▶ _TASK DESCRIPTION_:
Your answer must be the lines from the one containing "Gold-Toned Nail Rings (5)" through the last line of the records below, copied exactly, with the pictures left out.

[Crawled caption data]

-- Opening Marker --

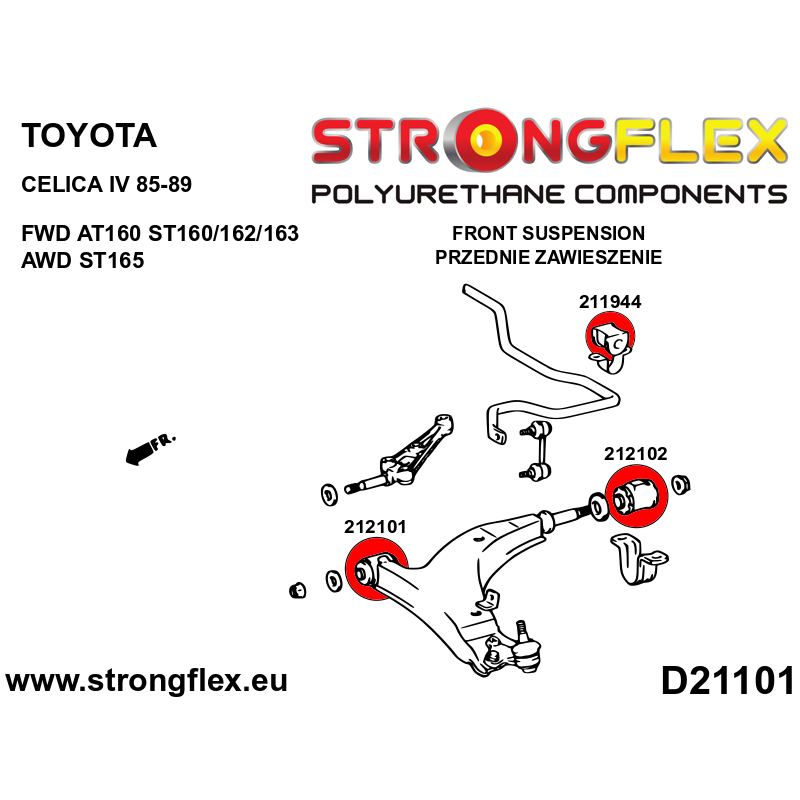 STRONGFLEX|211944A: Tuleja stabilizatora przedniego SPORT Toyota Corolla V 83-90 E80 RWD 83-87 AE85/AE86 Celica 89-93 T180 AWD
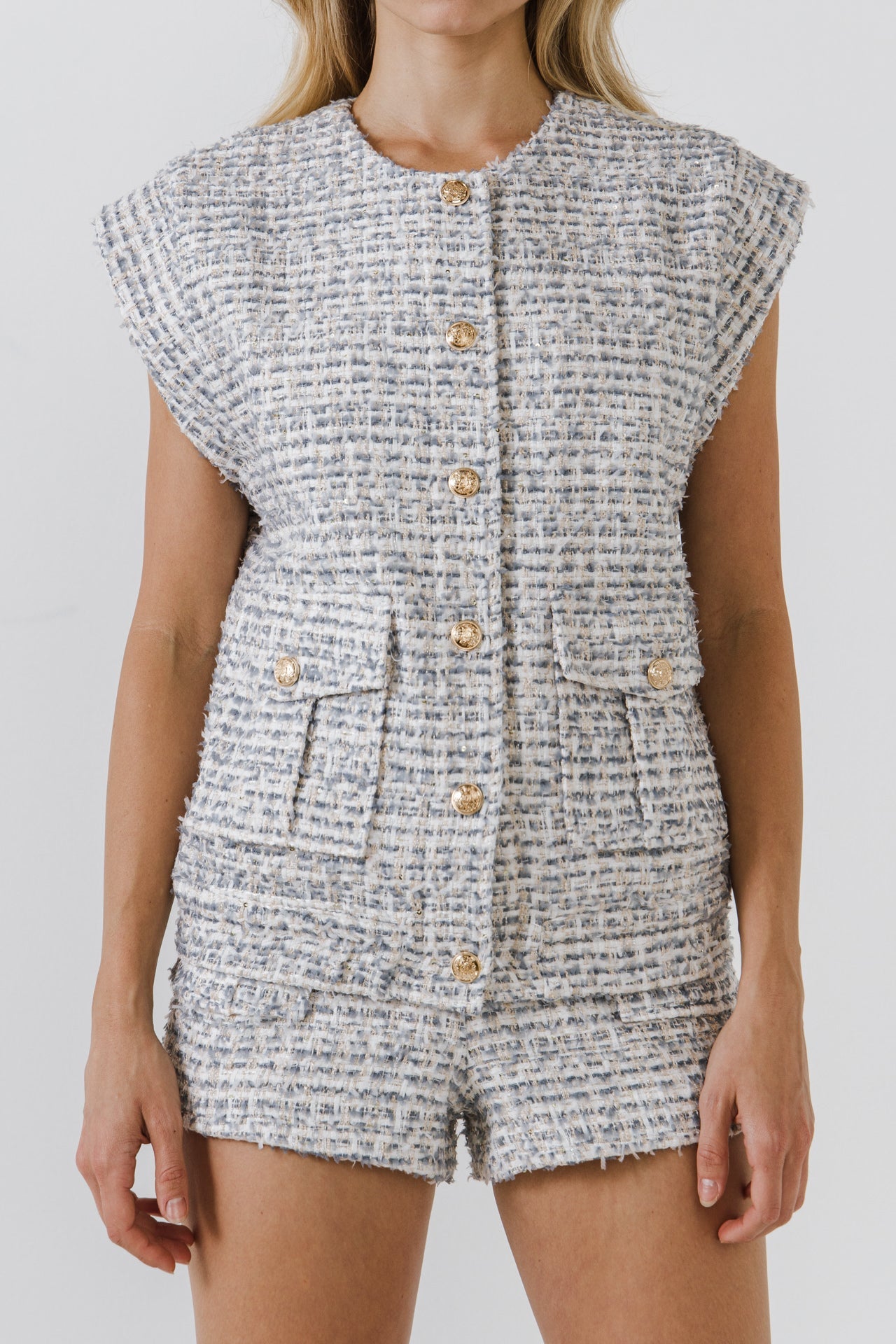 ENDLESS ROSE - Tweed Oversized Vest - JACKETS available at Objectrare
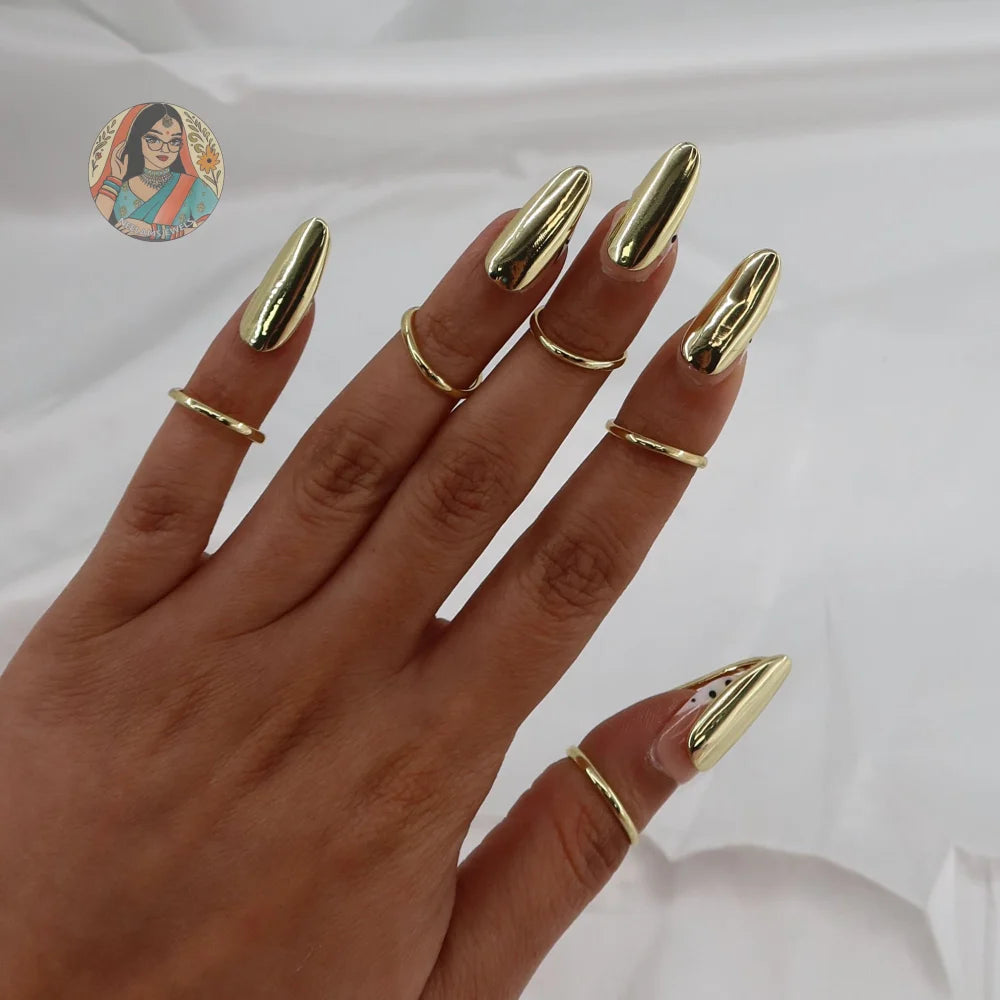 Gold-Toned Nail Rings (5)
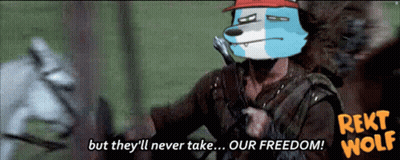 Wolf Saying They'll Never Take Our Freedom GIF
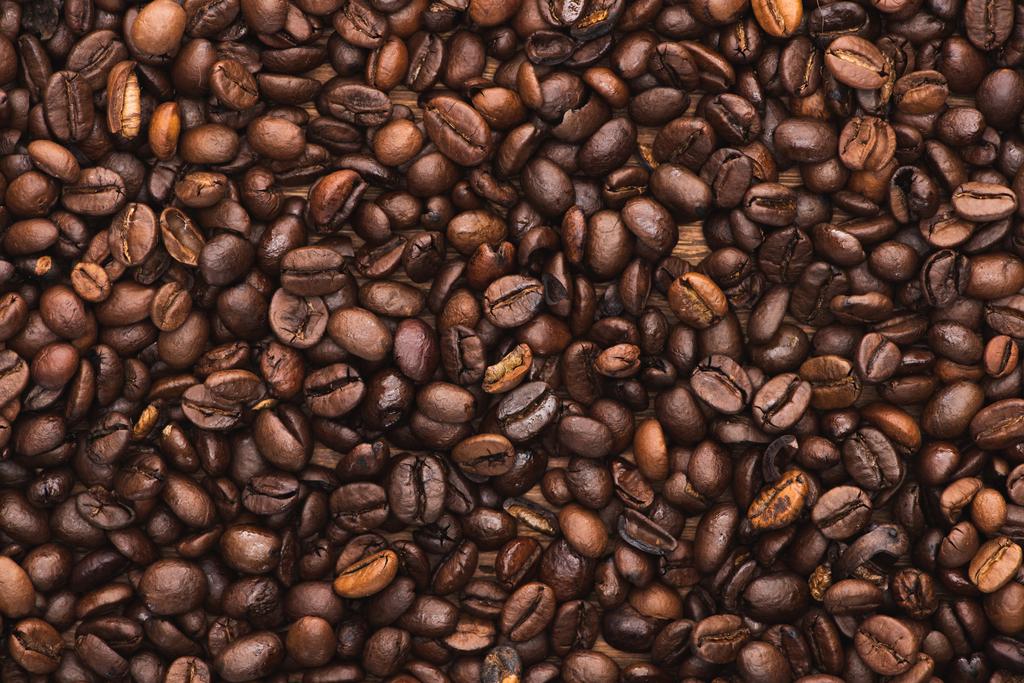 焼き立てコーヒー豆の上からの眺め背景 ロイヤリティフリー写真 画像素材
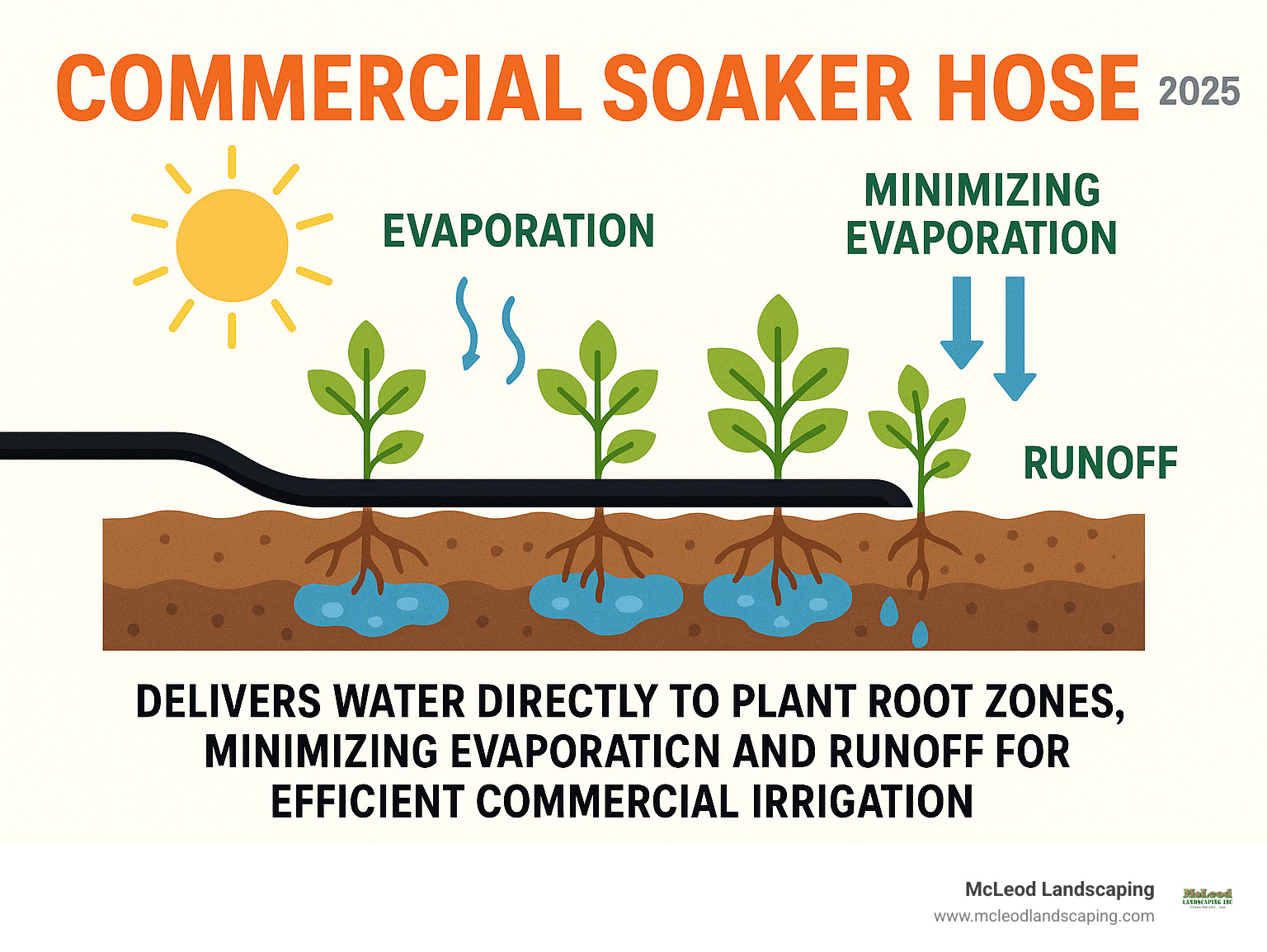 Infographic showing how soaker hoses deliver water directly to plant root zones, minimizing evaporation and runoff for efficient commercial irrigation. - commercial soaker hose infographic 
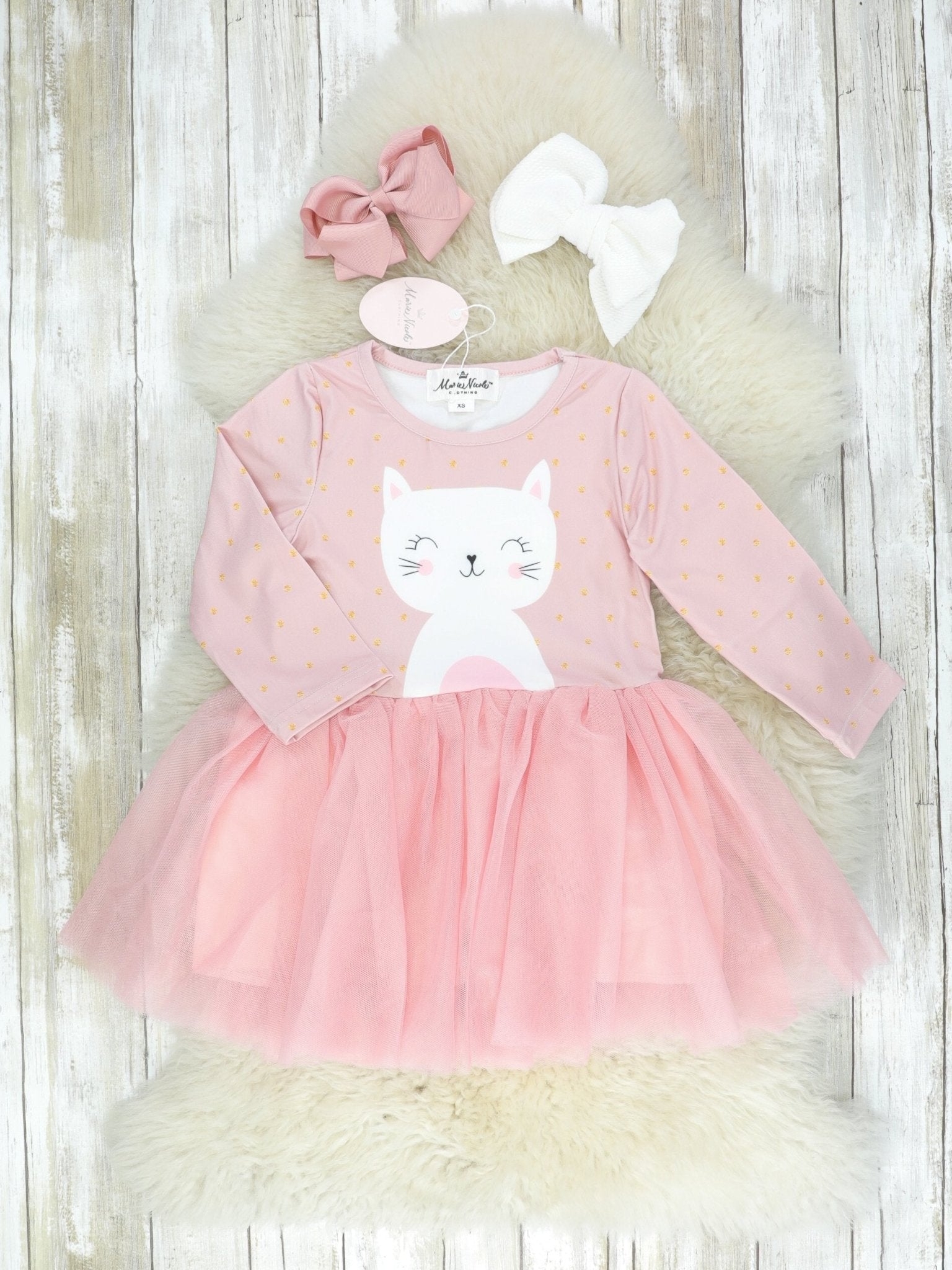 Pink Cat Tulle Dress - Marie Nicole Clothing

-- Closing Marker --

▶ _SOLVED EXERCISE_:
 Gold-Toned Nail Rings (5)
 Wolf Saying They'll Never Take Our Freedom GIF
 焼き立てコーヒー豆の上からの眺め背景 ロイヤリティフリー写真 画像素材
 Infographic showing how soaker hoses deliver water directly to plant root zones, minimizing evaporation and runoff for efficient commercial irrigation. - commercial soaker hose infographic 
 Pink Cat Tulle Dress - Marie Nicole Clothing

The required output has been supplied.